Yalitza Aparicio, Roma
Glenn Close, The Wife
Olivia Colman, The Favourite
Lady Gaga, A Star Is Born
Melissa McCarthy, Can You Ever Forgive Me?

Predicted Winner: Glenn Close
Actual Winner: Olivia Colman
Score: 12/22

Man I'm pumped for this. But dammit Glenn Close. I knew Glenn Close was totally overrated and Oscar doesn't care about career achievement awards anymore.


Spike Lee, BlacKkKlansman
Pawel Pawlikowski, Cold War
Yorgos Lanthimos, The Favourite
Alfonso Cuarón, Roma
Adam McKay, Vice

Predicted Winner: Cuaron
Actual Winner: Cuaron
Score: 13/23

So, Mexican directors have won five out of the past six Best Director awards. Has anyone else noticed this? Cuaron is fantastic, this movie sucks, but it's nice to see him honored. Now we'll see if he can pull of Best Picture as well. And I'd still like to see Spike or Yorgos pick something up one day.

Best Picture:

Black Panther
Bohemian Rhapsody
The Favourite
Green Book
A Star Is Born

Predicted Winner: Roma
Actual Winner: Green Book

Uhhh....okay. Really? Why? After all the success of Black Panther and Bohemian Rhapsody? After all the early hype and zeitgeist of A Star is Born? After all the critical acclaim and praise for Roma? After the more cutting and cunning BlacKkKlansman? This is damned baffling. The only thing I can really say is this is a movie that white people felt damned good about voting for.

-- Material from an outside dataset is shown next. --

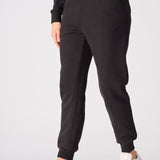 Close up view of the tapered leg and cuff on these black tapered joggers womens.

Didn't like, a lot of people hate this movie? Like, including the family of the guy it's based on? At any rate, this makes five years in a row where I have failed to predict Best Picture. Have we really had that much nonsense? Yeah, in a sense. Spotlight (2015) is a good movie but still feels like it didn't have momentum, I was on the wrong side of the La La Land / Moonlight (2016) kerfuffle, and I still can't believe that shitty fish-fucking movie Shape of Water (2017) won.

Julia Roberts seemed to not know she was supposed to end the show. What a forgettable ceremony.


Great. Grand. Same score as in 2015 and 2017. A very average year. Time to move on with my life and start a blog about baseball or something instead.